The Story of Dwayne Crompton and Kansas City CDF Freedom Schools®

Dwayne Crompton, founder of Kansas City CDF Freedom Schools®, has harnessed his background in elementary education to provide reading support for children in his community. Throughout the years, the program has achieved great success improving students’ reading level each summer.

For 23 years, the Kansas City CDF Freedom Schools program assessed students’ reading skills each year and utilized the carefully designed CDF Freedom Schools curriculum to target areas in need of improvement. Students did not simply avoid summer learning loss, which commonly occurs without summer instruction, but actually made strides forward in reading levels. The program was wildly successful—and became wildly popular.

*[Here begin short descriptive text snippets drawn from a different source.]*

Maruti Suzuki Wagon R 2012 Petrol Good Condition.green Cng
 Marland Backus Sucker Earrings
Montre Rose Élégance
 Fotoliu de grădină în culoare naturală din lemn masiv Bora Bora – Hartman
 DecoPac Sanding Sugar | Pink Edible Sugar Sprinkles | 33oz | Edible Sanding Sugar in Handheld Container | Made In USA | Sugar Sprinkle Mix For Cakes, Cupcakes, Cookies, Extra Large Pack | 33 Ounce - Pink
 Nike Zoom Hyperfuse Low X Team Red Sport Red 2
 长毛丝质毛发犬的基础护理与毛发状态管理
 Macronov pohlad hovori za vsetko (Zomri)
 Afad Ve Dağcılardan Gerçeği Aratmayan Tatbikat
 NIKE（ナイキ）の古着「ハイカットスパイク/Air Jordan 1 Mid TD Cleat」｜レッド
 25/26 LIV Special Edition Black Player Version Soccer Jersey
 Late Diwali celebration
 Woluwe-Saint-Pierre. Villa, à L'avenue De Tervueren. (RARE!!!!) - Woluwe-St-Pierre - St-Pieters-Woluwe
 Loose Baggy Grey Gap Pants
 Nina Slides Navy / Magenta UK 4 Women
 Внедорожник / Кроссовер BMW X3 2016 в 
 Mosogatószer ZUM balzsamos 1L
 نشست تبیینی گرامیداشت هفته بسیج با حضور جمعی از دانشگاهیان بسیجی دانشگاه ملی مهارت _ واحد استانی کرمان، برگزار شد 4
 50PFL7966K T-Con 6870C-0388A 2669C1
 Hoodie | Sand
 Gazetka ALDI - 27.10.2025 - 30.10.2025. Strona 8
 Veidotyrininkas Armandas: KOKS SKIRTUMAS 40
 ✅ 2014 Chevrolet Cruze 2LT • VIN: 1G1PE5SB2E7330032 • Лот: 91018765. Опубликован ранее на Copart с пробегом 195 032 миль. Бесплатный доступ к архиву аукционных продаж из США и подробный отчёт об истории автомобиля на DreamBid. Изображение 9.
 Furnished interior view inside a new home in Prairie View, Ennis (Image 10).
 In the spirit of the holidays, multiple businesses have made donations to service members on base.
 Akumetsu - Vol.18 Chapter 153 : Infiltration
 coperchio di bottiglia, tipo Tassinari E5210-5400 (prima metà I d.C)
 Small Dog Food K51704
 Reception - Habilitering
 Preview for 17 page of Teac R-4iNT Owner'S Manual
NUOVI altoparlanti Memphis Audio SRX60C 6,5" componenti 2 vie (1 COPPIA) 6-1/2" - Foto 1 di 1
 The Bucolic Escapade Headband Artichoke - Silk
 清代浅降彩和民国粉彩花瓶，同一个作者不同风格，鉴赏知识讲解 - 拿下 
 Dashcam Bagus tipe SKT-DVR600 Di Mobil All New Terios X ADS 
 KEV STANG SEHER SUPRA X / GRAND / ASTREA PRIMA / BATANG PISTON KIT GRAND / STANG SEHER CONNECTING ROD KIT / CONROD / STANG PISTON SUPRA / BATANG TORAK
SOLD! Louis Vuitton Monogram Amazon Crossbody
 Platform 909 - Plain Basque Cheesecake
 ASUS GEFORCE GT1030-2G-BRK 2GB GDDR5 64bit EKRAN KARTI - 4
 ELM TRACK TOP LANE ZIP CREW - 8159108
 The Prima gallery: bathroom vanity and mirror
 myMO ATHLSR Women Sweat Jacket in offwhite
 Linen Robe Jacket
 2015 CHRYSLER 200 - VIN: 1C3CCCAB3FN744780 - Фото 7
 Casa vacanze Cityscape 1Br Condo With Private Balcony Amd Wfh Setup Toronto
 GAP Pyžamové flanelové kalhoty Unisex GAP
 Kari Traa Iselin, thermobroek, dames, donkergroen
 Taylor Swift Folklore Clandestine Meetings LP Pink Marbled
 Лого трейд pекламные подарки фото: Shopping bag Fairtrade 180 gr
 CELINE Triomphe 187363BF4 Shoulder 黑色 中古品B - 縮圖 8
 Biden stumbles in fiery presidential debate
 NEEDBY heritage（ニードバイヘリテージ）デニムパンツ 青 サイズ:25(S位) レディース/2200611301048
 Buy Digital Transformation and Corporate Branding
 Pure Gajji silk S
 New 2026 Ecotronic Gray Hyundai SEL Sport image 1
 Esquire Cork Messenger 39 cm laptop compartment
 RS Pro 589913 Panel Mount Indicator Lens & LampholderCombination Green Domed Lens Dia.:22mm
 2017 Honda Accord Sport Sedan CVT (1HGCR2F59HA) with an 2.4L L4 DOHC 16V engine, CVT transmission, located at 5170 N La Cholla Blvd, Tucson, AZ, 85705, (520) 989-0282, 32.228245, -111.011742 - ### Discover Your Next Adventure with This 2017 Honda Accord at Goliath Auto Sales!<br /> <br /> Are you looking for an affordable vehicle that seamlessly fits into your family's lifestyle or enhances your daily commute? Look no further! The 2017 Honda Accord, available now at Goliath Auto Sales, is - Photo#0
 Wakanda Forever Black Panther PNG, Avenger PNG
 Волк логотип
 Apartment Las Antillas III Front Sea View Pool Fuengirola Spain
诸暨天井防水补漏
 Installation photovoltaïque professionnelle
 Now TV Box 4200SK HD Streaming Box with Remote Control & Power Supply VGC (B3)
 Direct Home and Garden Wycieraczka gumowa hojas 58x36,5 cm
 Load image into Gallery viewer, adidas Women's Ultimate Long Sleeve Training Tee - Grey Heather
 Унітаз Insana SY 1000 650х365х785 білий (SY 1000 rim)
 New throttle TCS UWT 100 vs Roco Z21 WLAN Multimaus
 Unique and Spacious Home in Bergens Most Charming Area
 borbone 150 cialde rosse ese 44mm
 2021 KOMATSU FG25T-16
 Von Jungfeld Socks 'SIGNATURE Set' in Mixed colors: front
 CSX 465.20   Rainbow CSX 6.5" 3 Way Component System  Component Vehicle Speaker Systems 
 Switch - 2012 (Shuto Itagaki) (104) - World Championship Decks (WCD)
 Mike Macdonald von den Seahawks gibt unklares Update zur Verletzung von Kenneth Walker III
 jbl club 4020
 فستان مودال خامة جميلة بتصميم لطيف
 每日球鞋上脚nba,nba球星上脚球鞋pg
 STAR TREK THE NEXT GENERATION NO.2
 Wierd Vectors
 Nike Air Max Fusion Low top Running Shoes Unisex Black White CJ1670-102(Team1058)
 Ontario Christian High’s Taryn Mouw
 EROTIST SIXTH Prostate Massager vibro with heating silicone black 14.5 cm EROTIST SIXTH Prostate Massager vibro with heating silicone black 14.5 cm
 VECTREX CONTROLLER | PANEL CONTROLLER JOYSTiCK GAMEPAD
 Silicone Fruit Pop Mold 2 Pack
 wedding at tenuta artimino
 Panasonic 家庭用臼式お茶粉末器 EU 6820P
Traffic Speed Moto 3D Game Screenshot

“Once word got out, we had a waiting list,” said Crompton. “Freedom Schools children came from all over the community.”

While CDF Freedom Schools became an integral part of the community, it only came to Kansas City through a stroke of luck. When Crompton, a longtime member of Mt. Pleasant Baptist Church, attended a CDF Freedom Schools conference in Charlotte, North Carolina, he simply wanted to see if the program would serve Kansas City well. At the conference, he ran into a friend who worked at the Ewing Marion Kauffman Foundation. With this friend’s invaluable help, Crompton and the Mt. Pleasant Baptist Church were able to demonstrate how impactful the program could be in Kansas City, and the Kauffman Foundation immediately funded the project. This chance encounter kick-started what became a 23-year program. Mt. Pleasant Baptist Church, a major partner in the collaboration, housed the first program and has served as executive headquarters.  Together, this partnership of Mt. Pleasant, the Children’s Defense Fund, and the Kauffman Foundation has achieved amazing results.

Throughout his time running a CDF Freedom School, Crompton has had the opportunity to interact with many members of his community from all different walks of life. Throughout his time building the Kansas City program, scholars, interns, program leaders, and the community interacted and worked to support each other. Members of local churches even cooked hot meals for the children in the program, who would otherwise have received bagged lunches.

When you ask Crompton the most important thing he learned, he tells you one simple lesson: Don’t be judgmental of those you serve.

“We need to ask them and not always tell them what they need and not be judgmental and critical of them,” said Crompton. “[Through Freedom Schools], I’ve gained a better understanding of who I work with and encounter.”

He has also had the opportunity to see students grow as a result of the program. He is especially inspired when he sees scholars who attend CDF Freedom Schools go on to become teachers themselves.

“To see them in their classrooms utilizing Freedom School principles gets me kind of excited,” said Crompton. “We’re impacting the community outside those six weeks.”

Even now, alumni of the program continue to help the program grow and impact students. While the program has been on hiatus in recent years due to health issues for Crompton, he believes these alumni will bring the program back.

“Young people have put together a committee to revitalize [the program] and create an alumni reunion,” said Crompton. “That says a lot about what they experienced.”

Currently, the program has over 1,500 alumni who could one day take charge. Crompton credits this to the strength of the intergenerational impact of CDF Freedom Schools.

Crompton thoroughly believes that there will be a future for the CDF Freedom Schools movement in Kansas City, because the community will keep the program alive. In the hands of the next generation of city leaders, the future looks bright for Kansas City kids.